Sin embargo, hubo una docena de soldados que decidió vender caras sus vidas e hicieron frente a los invasores a cuerpo descubierto en un rincón externo de la fortaleza siendo masacrados. “En la historia del mundo entero, tanto en la época pasada como en la moderna, no existe acción militar más bella que la defensa de Loncin. La acción del comandante Victor Naessens y sus 500 soldados valones sólo tiene parangón con Leónidas y su gesta espartana”. Esta cita literaria de Eugène de Grunne ilustra bien a las claras el reconocimiento que los liejenses muestran por quienes sacrificaron sus vidas en defensa de la ciudad.

Los nombres de cuantos componían aquel destacamento heroico figuran en una gran placa-homenaje que reproduce el Orden del Día en el que se hace notar la heroica defensa del fuerte y el ejemplo de abnegación y tenacidad ofrecido por toda la guarnición. A la entrada del museo conmemorativo se puede leer sobre una roca la siguiente inscripción debida al general Malleterre: “Caminante, diga a Bélgica y a Francia que aquí 550 belgas han sido sacrificados en defensa de la libertad y la salvación del mundo”. El reconocimiento público se extiende a las iglesias liejenses en cuyos muros se pueden leer las placas dedicadas a los soldados de la feligresía que cayeron en la acción descrita.

Diez días tardó el ejército germano en atravesar la provincia valona colindante con Alemania venciendo una resistencia que no figuraba en el Plan Schlieffen.

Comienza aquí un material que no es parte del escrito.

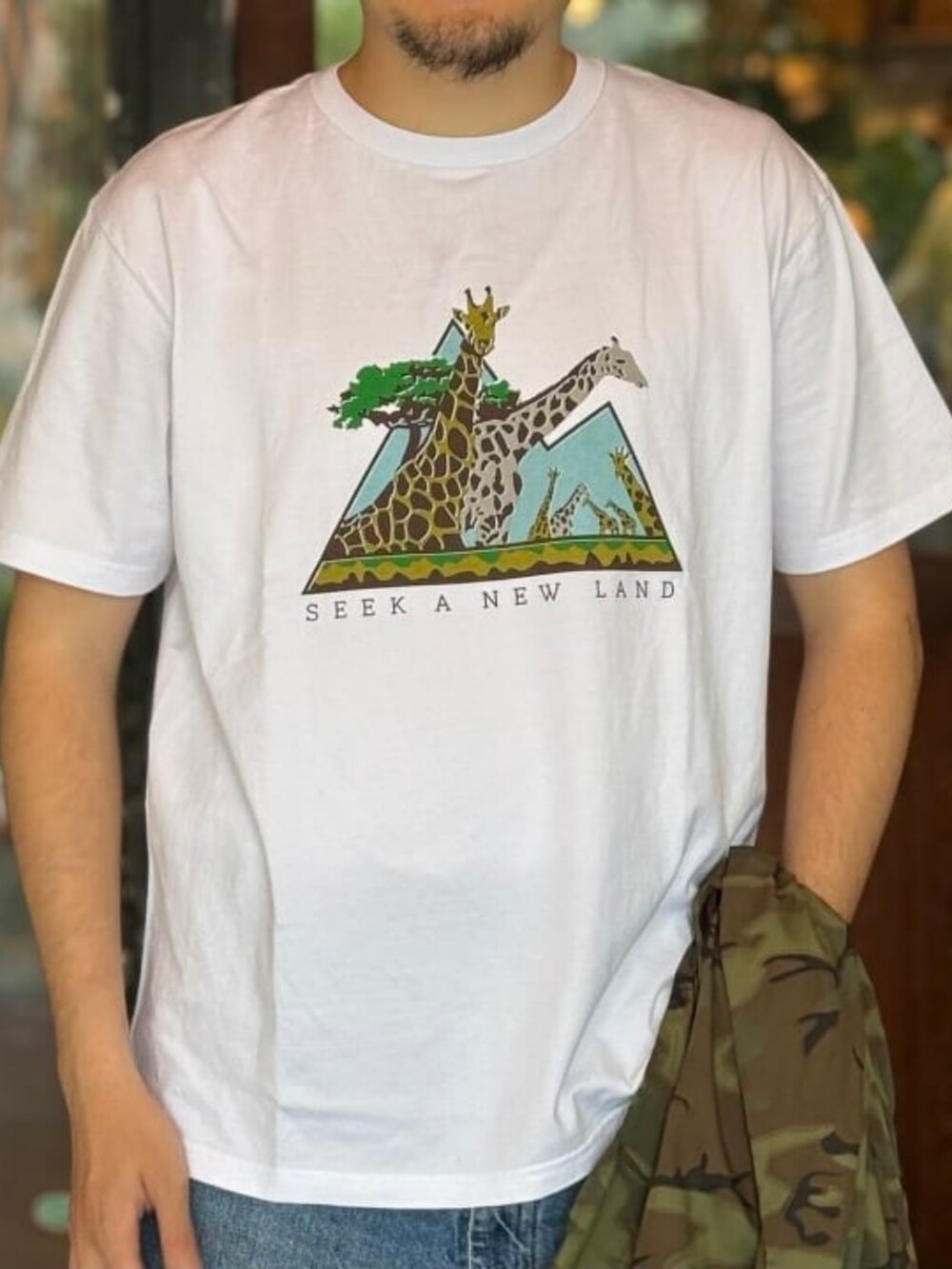 ホワイト系のTシャツ/カットソー、ブルー系のデニムパンツを着用したメンズの夏コーディネートの2枚目の写真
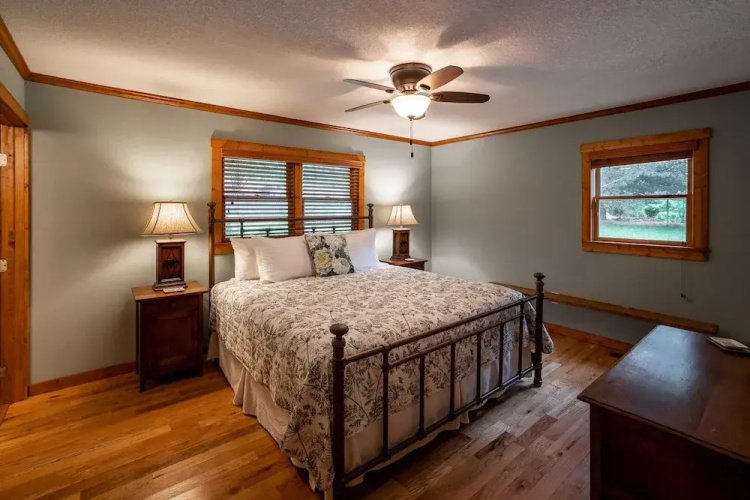 Beechwood Inn - Bed Breakfast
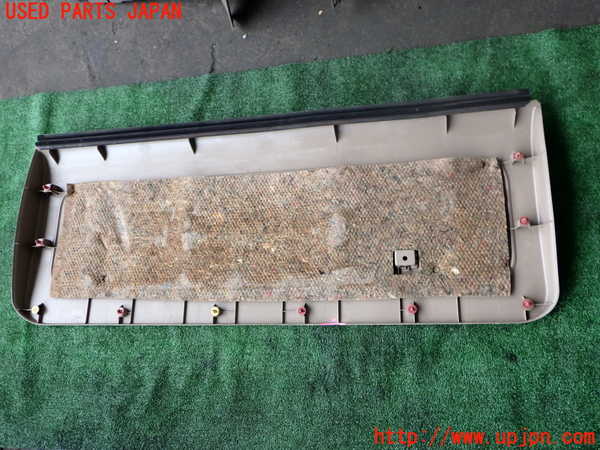 2UPJ-9240261578]ハイラックスサーフ(RZN185W)バックドア内張り (ジャンク品) 中古_2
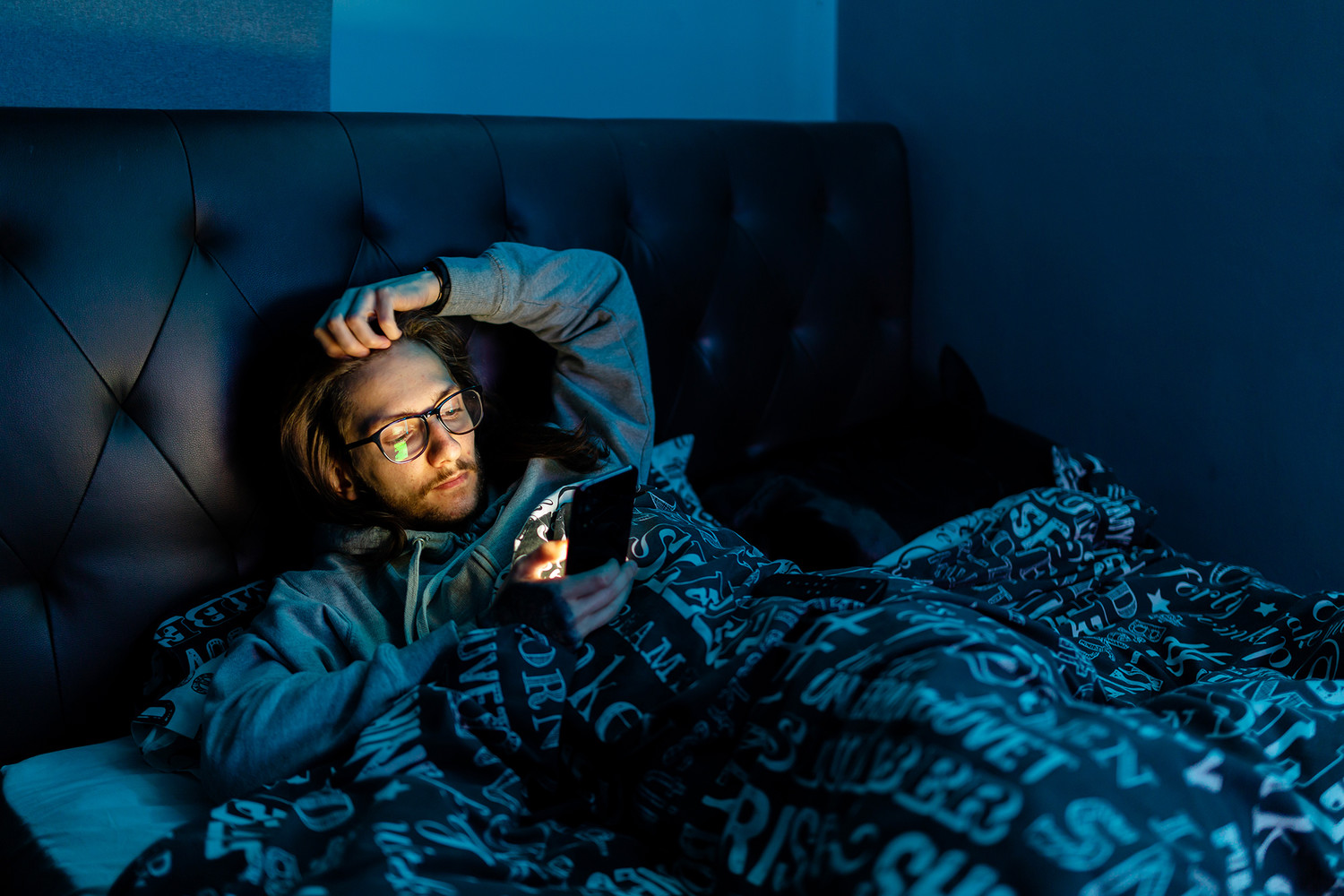 Россиянам рассказали, как сделать использование iPhone в постели комфортнее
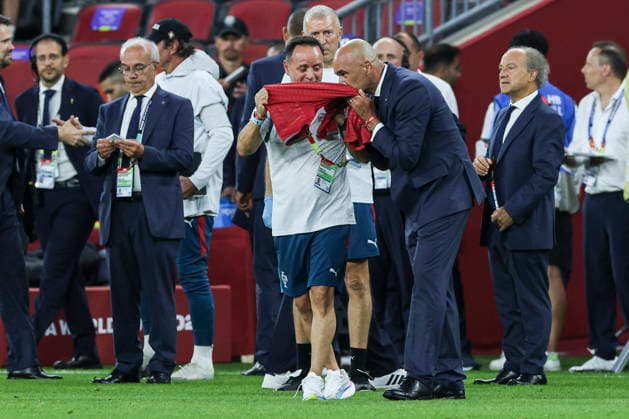 FIFA World Cup, WM, Weltmeisterschaft, Fussball 2026 - Round of 32 - Portugal vs Croatia Portugal s head coach Roberto Martinez (C-R) kisses the shirt of his late teammate Diogo Jota, after winning the FIFA World Cup 2026 Round of 32 match Portugal against Croatia, in Toronto, Canada, 02 July 2026. Palm Beach Florida United States  Copyright: xMIGUELxA.xLOPESx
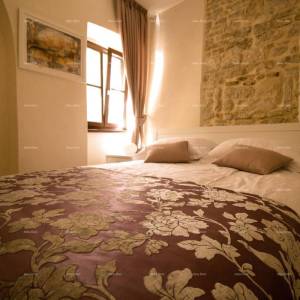 Prodaja predivne, moderno opremljene i renovirane istarske kamene kuće, Bale!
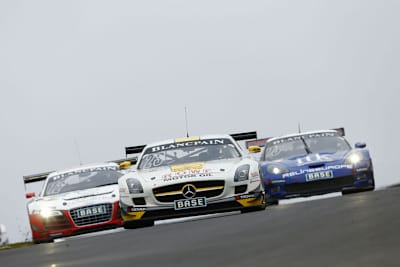 Alguersuari startet im Mercedes-Flügeltürer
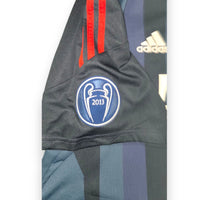 Dettaglio manica sinistra maglia Bayern Monaco Third 2013/14 patch ufficiale UEFA Champions League 2013 celebrativa vittoria Wembley finale contro Borussia Dortmund tre righine rosse Adidas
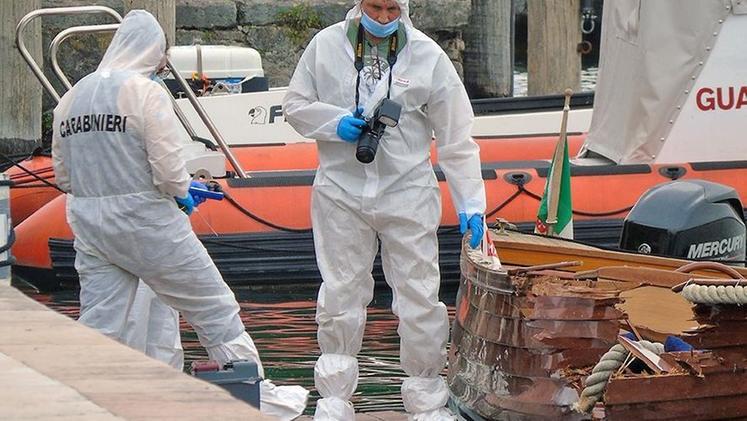 I primi accertamenti sul gozzo nelle ore successive al ritrovamento nel lago di Garda: l’incidente nautico  avvenne il 19 giugno 2021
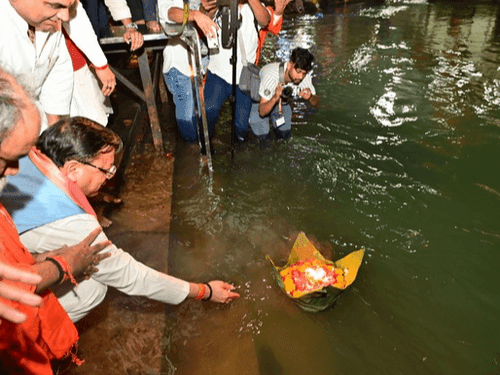 CM Dhami participated in the Ganga Deep Mahotsav program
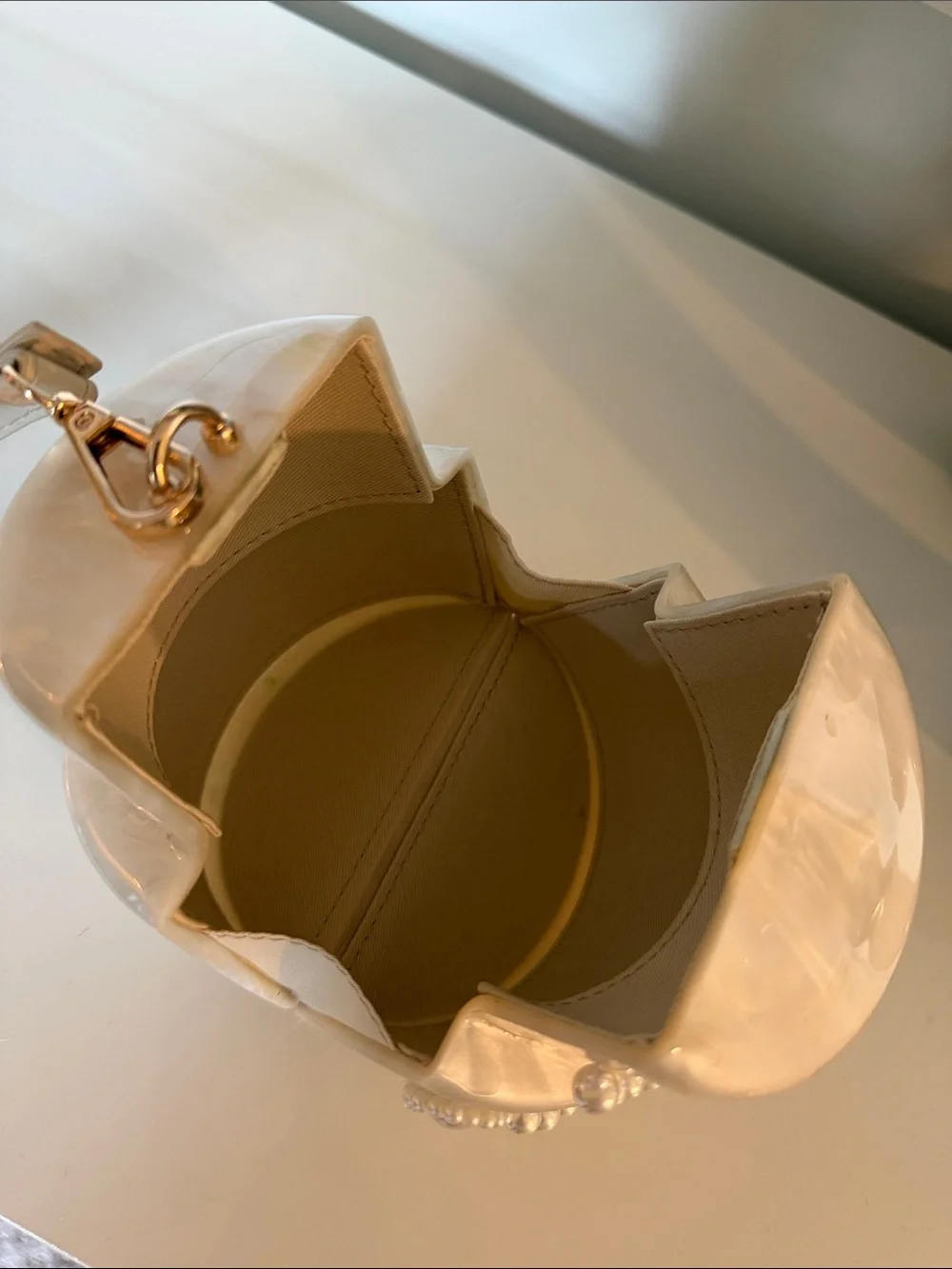 Pearl-Embellished Cream Mini Cake Wristlet 🎂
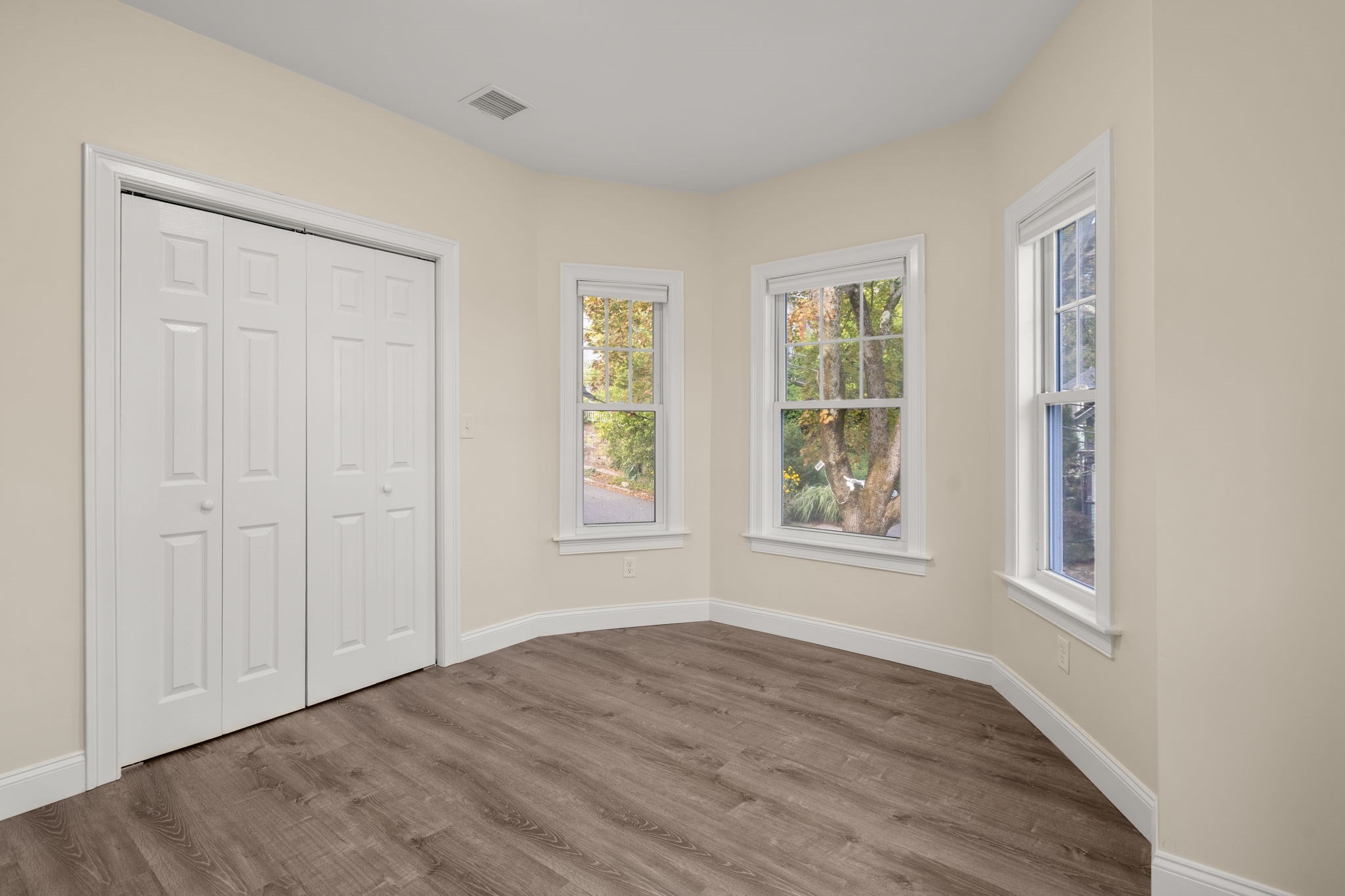 22 Oakland Street # B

La Primera Guerra Mundial no había hecho más que empezar.

Memorial En la colina de Cointe, dominando la ciudad de Lieja, se alza una torre de 75 metros de altura. Es el Memorial Interaliado, un monumento civil que la Federación Internacional de Combatientes de la Primera Guerra Mundial decidió levantar en 1925 mediante suscripción pública entre los países aliados y donaciones particulares en recuerdo de aquella batalla inicial. La obra, realizada por el arquitecto amberino Joseph Smolderen, fue inaugurada el 20 de julio de 1937 en presencia del rey Leopoldo III de Bélgica. Al pie de la torre se pueden ver los monumentos que cada uno de los países aliados ha dedicado a sus víctimas. Preside la explanada central el recuerdo directo a los liejenses caídos en acción.

En la cripta de la torre figura el reconocimiento de Bélgica a Francia y a Rumanía. Curiosamente, en un lugar destacado de este recinto hay un bronce de Marcel Wolfers que representa a quienes pueden ser un charro y una sevillana en actitud de repartir alimentos. Al pie, en una placa se lee: “Reconocimiento del pueblo belga por la ayuda humanitaria del pueblo español”.

El conjunto arquitectónico será reinaugurado mañana día 4 con asistencia de los presidentes y soberanos de los países aliados que intervinieron. Es una cita que quedó pendiente en su momento, porque de nuevo había ruido de sables que acabaron en otro enfrentamiento bélico que empequeñeció al anterior en sus consecuencias.